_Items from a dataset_
——

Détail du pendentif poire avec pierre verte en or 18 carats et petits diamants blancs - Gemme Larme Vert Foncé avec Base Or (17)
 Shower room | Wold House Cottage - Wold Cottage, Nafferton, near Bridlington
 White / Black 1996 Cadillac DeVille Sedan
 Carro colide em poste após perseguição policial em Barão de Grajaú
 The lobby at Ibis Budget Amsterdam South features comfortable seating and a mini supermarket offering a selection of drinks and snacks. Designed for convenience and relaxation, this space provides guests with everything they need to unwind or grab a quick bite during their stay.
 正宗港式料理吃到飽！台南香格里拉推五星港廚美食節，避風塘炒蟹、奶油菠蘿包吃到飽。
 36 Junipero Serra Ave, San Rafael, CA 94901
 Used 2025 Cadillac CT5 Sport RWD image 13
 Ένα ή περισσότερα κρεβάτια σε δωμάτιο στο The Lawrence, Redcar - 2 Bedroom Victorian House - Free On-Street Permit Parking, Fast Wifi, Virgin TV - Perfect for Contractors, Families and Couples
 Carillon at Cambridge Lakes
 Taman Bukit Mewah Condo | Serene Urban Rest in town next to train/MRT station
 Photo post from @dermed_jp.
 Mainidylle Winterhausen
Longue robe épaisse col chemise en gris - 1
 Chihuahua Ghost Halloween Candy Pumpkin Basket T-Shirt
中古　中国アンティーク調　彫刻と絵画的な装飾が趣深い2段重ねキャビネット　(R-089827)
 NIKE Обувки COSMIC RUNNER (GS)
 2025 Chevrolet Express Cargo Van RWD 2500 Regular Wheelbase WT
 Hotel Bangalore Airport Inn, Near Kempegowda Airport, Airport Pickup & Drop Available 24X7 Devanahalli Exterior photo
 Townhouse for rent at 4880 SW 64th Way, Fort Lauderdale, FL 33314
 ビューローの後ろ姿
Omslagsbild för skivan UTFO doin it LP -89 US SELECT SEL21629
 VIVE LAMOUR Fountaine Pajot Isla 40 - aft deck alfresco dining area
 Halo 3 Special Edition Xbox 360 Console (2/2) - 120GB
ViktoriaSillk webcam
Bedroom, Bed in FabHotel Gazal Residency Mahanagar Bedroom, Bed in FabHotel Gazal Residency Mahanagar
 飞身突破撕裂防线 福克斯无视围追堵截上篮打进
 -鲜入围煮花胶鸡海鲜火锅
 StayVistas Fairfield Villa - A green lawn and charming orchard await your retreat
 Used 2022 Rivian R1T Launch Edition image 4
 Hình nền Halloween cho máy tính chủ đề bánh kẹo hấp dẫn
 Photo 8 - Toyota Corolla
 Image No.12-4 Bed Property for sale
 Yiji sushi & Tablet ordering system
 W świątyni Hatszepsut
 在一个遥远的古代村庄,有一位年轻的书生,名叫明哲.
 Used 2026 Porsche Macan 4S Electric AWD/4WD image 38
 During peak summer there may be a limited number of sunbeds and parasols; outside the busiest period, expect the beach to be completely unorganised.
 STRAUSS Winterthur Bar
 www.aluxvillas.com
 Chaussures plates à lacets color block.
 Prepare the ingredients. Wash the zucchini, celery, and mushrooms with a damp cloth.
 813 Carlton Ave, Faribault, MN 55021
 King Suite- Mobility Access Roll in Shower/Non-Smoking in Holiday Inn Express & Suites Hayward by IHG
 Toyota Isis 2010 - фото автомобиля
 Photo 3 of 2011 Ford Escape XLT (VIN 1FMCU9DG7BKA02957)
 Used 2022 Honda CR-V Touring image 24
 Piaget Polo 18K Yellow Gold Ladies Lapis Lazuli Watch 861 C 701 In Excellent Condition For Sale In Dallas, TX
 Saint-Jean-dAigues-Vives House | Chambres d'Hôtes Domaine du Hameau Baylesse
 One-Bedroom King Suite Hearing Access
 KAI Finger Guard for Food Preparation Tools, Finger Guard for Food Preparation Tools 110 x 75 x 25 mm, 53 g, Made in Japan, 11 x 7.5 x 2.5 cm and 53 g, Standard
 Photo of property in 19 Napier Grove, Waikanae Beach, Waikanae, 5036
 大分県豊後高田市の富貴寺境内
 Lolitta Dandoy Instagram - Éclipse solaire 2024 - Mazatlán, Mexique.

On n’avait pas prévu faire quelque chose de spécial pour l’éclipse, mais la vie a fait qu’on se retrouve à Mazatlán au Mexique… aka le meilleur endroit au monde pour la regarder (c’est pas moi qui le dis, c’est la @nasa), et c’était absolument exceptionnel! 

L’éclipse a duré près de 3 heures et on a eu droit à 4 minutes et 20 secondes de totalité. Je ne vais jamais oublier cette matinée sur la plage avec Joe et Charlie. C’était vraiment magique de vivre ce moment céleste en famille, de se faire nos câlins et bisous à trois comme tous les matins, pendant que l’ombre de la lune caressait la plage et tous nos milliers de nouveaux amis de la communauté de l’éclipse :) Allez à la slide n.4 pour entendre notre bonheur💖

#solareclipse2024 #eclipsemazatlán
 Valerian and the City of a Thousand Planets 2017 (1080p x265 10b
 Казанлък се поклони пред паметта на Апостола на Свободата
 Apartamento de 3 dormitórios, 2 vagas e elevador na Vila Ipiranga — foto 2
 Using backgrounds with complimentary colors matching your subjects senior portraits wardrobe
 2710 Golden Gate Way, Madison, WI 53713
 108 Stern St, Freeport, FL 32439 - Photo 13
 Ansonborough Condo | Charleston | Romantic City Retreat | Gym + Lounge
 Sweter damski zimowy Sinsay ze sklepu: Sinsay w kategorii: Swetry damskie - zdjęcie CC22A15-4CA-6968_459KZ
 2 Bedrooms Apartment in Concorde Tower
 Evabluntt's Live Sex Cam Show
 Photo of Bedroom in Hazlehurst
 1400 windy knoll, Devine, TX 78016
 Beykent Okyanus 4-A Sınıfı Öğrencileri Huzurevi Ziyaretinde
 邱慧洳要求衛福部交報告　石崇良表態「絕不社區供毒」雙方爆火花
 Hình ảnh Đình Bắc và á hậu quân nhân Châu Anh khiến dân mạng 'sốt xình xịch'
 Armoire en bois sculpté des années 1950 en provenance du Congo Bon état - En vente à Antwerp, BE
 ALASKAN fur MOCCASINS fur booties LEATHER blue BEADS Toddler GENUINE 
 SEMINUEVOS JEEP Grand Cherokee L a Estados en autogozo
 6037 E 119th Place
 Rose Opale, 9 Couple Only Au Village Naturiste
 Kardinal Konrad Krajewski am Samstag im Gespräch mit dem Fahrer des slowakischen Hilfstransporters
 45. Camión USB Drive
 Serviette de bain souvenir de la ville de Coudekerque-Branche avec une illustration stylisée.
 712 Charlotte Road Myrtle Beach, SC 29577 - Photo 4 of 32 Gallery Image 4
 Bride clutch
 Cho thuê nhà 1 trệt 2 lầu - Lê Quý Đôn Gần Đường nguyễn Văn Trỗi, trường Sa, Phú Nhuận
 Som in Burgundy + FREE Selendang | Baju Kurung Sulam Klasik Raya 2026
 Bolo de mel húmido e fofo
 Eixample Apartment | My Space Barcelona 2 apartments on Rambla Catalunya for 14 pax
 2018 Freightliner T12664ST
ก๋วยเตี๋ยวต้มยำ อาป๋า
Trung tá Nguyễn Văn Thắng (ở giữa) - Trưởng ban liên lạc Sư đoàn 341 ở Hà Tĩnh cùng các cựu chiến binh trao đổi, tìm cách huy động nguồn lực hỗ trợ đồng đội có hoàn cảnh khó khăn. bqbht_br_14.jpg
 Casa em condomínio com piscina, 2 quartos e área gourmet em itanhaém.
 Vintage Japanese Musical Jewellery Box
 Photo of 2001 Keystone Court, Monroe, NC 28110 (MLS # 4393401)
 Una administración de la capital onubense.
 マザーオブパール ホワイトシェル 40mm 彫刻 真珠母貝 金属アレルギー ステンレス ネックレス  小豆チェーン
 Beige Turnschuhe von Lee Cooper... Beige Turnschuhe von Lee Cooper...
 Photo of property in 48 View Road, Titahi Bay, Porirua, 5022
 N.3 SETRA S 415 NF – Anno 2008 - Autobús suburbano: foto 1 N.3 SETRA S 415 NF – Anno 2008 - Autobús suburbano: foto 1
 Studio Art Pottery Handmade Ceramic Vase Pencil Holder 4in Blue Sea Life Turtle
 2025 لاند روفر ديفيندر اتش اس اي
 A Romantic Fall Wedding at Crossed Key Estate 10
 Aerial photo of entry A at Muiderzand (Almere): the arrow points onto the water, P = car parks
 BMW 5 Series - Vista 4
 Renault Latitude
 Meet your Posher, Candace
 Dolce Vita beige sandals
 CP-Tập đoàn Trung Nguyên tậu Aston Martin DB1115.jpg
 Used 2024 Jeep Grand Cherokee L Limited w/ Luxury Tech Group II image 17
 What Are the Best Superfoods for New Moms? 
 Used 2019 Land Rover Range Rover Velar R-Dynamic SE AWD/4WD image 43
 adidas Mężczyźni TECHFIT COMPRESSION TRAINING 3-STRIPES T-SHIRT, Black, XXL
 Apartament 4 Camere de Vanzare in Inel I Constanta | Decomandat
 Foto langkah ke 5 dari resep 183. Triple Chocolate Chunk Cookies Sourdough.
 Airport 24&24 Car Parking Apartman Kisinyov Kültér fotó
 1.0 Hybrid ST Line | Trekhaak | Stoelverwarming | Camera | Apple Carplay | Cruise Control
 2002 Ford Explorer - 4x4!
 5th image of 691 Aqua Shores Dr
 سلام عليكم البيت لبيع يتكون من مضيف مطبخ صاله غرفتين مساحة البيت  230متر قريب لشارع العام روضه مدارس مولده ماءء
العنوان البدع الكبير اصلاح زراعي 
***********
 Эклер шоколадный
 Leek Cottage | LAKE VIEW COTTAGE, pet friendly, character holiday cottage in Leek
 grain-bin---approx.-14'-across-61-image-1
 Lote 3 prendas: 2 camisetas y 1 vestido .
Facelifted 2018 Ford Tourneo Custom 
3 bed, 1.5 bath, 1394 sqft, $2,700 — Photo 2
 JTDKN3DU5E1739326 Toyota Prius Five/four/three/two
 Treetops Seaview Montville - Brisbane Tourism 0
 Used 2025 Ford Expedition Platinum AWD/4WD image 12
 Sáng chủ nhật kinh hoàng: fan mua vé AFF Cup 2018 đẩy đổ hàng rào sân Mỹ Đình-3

——

_Work item_
From the line that contains "Apartament 4 Camere" through the end of the records above, print every line exactly and nothing else.

_Reply to the exercise_
 Apartament 4 Camere de Vanzare in Inel I Constanta | Decomandat
 Foto langkah ke 5 dari resep 183. Triple Chocolate Chunk Cookies Sourdough.
 Airport 24&24 Car Parking Apartman Kisinyov Kültér fotó
 1.0 Hybrid ST Line | Trekhaak | Stoelverwarming | Camera | Apple Carplay | Cruise Control
 2002 Ford Explorer - 4x4!
 5th image of 691 Aqua Shores Dr
 سلام عليكم البيت لبيع يتكون من مضيف مطبخ صاله غرفتين مساحة البيت  230متر قريب لشارع العام روضه مدارس مولده ماءء
العنوان البدع الكبير اصلاح زراعي 
***********
 Эклер шоколадный
 Leek Cottage | LAKE VIEW COTTAGE, pet friendly, character holiday cottage in Leek
 grain-bin---approx.-14'-across-61-image-1
 Lote 3 prendas: 2 camisetas y 1 vestido .
Facelifted 2018 Ford Tourneo Custom 
3 bed, 1.5 bath, 1394 sqft, $2,700 — Photo 2
 JTDKN3DU5E1739326 Toyota Prius Five/four/three/two
 Treetops Seaview Montville - Brisbane Tourism 0
 Used 2025 Ford Expedition Platinum AWD/4WD image 12
 Sáng chủ nhật kinh hoàng: fan mua vé AFF Cup 2018 đẩy đổ hàng rào sân Mỹ Đình-3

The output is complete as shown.